WebKit Team Admits Error, Downplays Importance, Re: 'Unacceptable Browser HTTP Accept Headers'

July 14, 2009
Development

WebKit Accepts XML over HTML?

On Friday we published a post describing the HTTP Accept header and WebKit's unfortunate use of it. Using the Accept header the browser can indicate to the server its Content-Type preferences.

Maciej Stochowiak of Apple's WebKit team responded to our post, admitting WebKit's error:

Most WebKit-based browsers (and Safari in particular) would probably do a better job rendering HTML than XHTML or generic XML, if only because the code paths are much better tested. So the Accept header is somewhat in error...

The latest versions of WebKit, and thus Safari and Chrome, prefer XML over HTML in the Accept header. If a server is following the HTTP spec and serving a resource that can be represented as XML or HTML, it will respond with HTML to Firefox and XML to Safari.

We set up a quick demo of a tweet that can be represented as HTML, XML, JSON, and for fun, a JPG. Try opening http://recessframework.org/demo/content-negotiation/tweet in Firefox and then Safari/Chrome. You'll get just what each browser's Accept header asked for (pictured below). (Aside: For fun, try it in IE and you'll get a JPG. Then hit refresh and you'll get the HTML. Here's why.) (Demo built using the latest GitHub version of Recess, a RESTful PHP Framework. Source code here.)

Apple WebKit Content-Negotiation Fails

Why does WebKit's Accept preference of XML over HTML matter?

Maciej of Apple's WebKit team goes on in his response to downplay the chosen Accept header's importance:

On the other hand, this isn't a hugely important bug, [...] since content negotiation is not really used much in the wild.

Maciej, your transparency and admission of the error is appreciated, but your assesment of WebKit's Accept header importance is wrong. Content-type negotiation has not seen used much in the wild for two reasons:

  1. Server-side software working against the grain of the HTTP spec made it historically difficult.
  2. Web browsers improperly using the Accept header made it historically worthless.

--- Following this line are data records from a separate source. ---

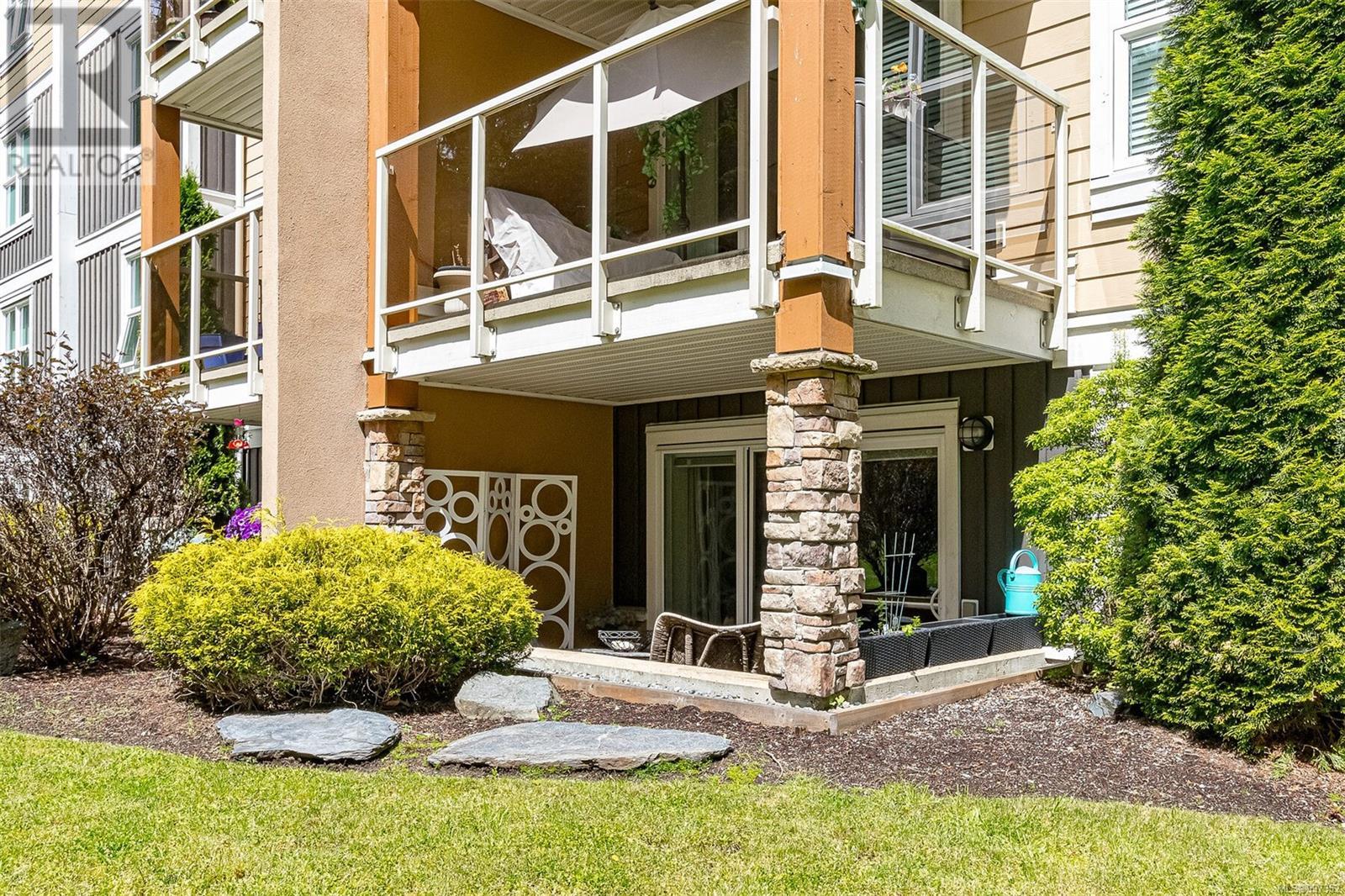 Property at 104 4701 Uplands Dr image 1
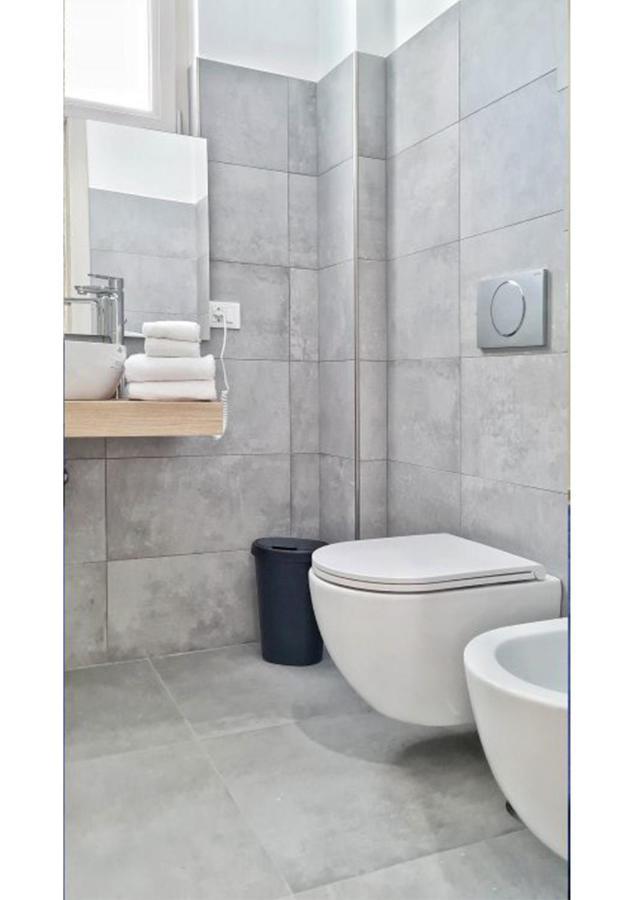 Rosshouse Hotel Sorrento Bagian luar foto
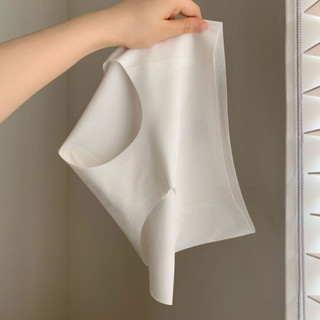 Quần lót nữ su mềm mịn không đường may cạp vừa sexy thoáng mát siêu mỏng mịn mềm mại DEVARI L059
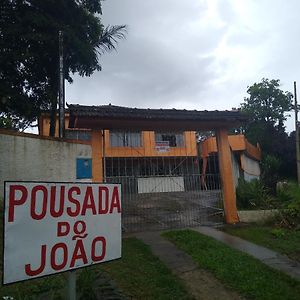 Pousada Do Joao Ξενοδοχείο Juiz de Fora Exterior photo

On point 1, HTTP 1.1 is now 10 years old and in the past couple of years Fielding's REST movement has gained momentum. Server-side implementation is no longer a hard problem: most servers and frameworks can handle content-negotiation just fine.

On point 2, of modern browsers WebKit is the last one blocking the primary use case for content-type negotiation that today's web apps have: representing resources as either HTML or XML. Even though Internet Explorer's Accept header is full of garbage, its sins result in wasted resources and a performance penalty, not incorrectness. WebKit's Accept header results in web developers choosing between HTTP incorrectness or a bad user experience. Follow the HTTP spec and your users will get XML dumps as demo'd, or do not follow the HTTP spec and roll your own one-off content-negotiation protocol. The choice is usually simple: user experience is more valuable than developer experience and adherence to the web's most important RFC.

Why does WebKit use this Accept header?

The final pieces to Maciej's response identify the origin of WebKit's Accept header as Firefox's old Accept header:

...we design our Accept header mainly to give the best compatibility on Web sites [...] Our current header was copied from an old version of Firefox.

Firefox 3.0 and 3.5, tested in our previous post, have reasonable Accept headers. Maciej is right, though, Firefox 2.0 looks to have had a particularly bad Accept header:

text/xml,application/xml,application/xhtml+xml,
text/html;q=0.9,text/plain;q=0.8,image/png,*/*;q=0.5

Just like WebKit's, Firefox 2.0 prefers XML, XHTML, and PNG, over HTML. WebKit must have copied Firefox's Accept header on multiple occasions, judging from this year old commit which removes the antiquated 'text/xml' type from WebKit's list.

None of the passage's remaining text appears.